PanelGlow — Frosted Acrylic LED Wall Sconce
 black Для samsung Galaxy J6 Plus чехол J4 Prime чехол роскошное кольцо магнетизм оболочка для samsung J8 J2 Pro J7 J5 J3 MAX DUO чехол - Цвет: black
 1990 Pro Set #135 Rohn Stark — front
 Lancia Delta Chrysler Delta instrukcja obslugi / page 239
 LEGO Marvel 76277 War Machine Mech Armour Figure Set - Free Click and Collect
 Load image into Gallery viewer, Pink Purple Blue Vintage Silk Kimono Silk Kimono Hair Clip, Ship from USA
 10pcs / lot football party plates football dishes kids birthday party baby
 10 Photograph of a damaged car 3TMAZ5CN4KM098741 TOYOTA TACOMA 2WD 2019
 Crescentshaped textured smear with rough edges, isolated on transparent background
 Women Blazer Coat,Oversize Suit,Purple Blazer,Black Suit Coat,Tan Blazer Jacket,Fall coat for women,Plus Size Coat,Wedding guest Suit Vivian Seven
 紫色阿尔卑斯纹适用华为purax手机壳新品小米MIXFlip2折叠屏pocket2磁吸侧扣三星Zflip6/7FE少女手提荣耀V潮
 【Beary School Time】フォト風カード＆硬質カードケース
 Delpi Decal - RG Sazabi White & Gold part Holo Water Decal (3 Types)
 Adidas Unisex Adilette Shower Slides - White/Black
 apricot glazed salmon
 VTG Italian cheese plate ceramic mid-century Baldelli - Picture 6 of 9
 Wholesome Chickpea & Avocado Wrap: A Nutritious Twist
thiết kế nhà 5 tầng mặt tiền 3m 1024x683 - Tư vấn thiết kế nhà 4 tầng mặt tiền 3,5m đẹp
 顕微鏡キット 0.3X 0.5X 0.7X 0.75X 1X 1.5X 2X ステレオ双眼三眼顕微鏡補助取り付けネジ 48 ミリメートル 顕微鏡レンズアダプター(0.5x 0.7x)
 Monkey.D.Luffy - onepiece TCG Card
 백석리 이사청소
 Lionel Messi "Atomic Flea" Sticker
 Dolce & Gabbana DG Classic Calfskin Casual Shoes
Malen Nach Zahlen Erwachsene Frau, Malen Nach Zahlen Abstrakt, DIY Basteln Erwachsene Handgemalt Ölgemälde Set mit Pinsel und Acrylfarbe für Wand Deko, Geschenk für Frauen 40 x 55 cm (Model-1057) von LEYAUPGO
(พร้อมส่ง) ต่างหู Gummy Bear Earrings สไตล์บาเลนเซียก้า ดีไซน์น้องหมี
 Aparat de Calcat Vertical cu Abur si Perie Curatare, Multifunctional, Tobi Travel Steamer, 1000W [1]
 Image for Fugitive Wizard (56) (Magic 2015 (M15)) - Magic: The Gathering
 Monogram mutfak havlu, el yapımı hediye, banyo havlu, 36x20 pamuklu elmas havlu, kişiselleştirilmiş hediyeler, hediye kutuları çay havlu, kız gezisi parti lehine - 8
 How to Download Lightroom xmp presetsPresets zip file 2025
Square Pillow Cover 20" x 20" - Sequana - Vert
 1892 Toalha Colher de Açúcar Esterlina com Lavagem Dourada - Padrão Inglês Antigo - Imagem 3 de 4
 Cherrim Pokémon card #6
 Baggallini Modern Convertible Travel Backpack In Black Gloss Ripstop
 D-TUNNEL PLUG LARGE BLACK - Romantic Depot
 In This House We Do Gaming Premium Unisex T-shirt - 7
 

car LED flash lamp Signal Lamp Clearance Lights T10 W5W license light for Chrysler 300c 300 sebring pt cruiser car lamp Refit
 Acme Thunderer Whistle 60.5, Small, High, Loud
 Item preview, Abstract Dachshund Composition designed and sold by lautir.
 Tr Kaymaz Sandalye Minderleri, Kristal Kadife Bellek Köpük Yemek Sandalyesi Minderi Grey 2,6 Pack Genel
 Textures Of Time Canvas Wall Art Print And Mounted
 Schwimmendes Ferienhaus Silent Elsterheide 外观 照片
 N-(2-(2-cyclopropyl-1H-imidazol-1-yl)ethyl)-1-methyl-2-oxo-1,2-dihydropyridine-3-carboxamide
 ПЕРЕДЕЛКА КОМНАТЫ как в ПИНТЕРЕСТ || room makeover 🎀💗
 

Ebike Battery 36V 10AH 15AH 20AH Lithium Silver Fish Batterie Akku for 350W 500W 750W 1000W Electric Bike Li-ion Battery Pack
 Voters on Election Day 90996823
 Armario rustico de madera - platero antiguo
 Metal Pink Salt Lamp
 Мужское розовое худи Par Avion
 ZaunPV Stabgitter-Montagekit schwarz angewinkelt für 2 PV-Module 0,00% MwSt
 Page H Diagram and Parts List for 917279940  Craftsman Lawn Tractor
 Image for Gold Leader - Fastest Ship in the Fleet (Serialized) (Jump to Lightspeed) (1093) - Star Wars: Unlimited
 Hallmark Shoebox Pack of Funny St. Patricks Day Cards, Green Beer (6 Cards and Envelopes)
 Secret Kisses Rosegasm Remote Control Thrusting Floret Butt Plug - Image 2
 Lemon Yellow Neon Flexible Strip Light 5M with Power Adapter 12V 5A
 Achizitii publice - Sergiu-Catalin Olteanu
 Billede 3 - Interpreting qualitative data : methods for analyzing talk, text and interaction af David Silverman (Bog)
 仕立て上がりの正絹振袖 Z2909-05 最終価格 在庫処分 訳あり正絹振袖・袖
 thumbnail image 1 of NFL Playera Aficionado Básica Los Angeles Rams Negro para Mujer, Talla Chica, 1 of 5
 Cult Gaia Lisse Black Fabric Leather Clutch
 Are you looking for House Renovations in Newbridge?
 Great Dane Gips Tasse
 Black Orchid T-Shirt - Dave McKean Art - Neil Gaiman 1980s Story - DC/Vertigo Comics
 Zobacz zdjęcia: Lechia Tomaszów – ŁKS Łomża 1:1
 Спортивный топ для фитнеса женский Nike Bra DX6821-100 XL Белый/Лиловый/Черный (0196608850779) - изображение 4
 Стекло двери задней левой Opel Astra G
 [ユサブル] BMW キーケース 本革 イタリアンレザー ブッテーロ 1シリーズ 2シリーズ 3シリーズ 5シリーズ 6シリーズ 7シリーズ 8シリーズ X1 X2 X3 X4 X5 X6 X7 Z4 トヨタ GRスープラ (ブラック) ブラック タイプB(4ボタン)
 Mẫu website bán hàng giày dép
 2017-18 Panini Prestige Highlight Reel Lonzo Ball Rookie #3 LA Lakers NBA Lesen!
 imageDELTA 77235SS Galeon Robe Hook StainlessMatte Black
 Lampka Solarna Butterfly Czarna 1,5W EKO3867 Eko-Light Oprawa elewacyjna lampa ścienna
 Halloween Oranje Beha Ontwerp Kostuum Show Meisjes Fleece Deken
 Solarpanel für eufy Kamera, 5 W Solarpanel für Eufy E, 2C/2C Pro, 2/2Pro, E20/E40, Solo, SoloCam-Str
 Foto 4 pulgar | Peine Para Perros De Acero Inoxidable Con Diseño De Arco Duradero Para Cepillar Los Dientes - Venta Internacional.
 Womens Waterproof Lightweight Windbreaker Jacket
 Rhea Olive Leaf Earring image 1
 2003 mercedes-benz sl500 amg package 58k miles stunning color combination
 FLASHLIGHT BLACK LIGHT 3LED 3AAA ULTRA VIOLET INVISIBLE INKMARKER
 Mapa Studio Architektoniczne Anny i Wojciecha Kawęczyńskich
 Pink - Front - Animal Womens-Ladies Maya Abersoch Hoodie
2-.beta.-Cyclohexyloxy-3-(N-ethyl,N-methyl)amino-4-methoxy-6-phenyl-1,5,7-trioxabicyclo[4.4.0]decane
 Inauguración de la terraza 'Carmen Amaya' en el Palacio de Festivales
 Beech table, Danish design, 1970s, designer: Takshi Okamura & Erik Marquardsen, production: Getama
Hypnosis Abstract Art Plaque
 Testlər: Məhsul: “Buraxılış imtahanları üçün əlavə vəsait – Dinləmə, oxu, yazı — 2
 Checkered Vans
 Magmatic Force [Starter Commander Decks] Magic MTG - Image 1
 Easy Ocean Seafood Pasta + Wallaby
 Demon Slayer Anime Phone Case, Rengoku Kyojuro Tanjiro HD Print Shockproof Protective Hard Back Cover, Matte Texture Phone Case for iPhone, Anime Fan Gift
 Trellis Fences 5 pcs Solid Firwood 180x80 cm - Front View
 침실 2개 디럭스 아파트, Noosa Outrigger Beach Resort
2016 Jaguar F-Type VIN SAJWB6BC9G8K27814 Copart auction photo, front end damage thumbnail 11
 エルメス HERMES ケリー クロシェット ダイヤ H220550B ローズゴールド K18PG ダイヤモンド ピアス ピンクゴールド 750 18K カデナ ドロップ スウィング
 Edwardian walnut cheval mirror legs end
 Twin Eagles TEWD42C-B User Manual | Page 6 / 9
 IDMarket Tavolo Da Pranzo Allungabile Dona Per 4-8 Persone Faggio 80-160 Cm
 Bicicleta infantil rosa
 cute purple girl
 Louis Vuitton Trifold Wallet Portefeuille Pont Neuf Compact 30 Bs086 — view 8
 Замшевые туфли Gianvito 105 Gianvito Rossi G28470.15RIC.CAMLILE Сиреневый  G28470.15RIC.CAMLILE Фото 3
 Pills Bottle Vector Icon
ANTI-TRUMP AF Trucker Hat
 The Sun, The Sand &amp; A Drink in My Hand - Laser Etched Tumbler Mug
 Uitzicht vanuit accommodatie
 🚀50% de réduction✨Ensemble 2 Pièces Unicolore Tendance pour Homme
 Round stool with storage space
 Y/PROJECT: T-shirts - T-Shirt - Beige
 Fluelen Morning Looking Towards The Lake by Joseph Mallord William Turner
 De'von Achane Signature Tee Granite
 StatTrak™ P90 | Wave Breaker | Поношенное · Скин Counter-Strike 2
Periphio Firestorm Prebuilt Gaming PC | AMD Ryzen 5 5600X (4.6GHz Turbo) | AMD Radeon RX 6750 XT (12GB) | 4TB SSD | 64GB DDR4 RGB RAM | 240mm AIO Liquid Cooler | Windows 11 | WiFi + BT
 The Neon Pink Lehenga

= Your objective =
Repeat the entries above verbatim, but only from the line that has "Checkered Vans" down to the line that has "Twin Eagles TEWD42C-B", inclusive.

= Task solution =
 Checkered Vans
 Magmatic Force [Starter Commander Decks] Magic MTG - Image 1
 Easy Ocean Seafood Pasta + Wallaby
 Demon Slayer Anime Phone Case, Rengoku Kyojuro Tanjiro HD Print Shockproof Protective Hard Back Cover, Matte Texture Phone Case for iPhone, Anime Fan Gift
 Trellis Fences 5 pcs Solid Firwood 180x80 cm - Front View
 침실 2개 디럭스 아파트, Noosa Outrigger Beach Resort
2016 Jaguar F-Type VIN SAJWB6BC9G8K27814 Copart auction photo, front end damage thumbnail 11
 エルメス HERMES ケリー クロシェット ダイヤ H220550B ローズゴールド K18PG ダイヤモンド ピアス ピンクゴールド 750 18K カデナ ドロップ スウィング
 Edwardian walnut cheval mirror legs end
 Twin Eagles TEWD42C-B User Manual | Page 6 / 9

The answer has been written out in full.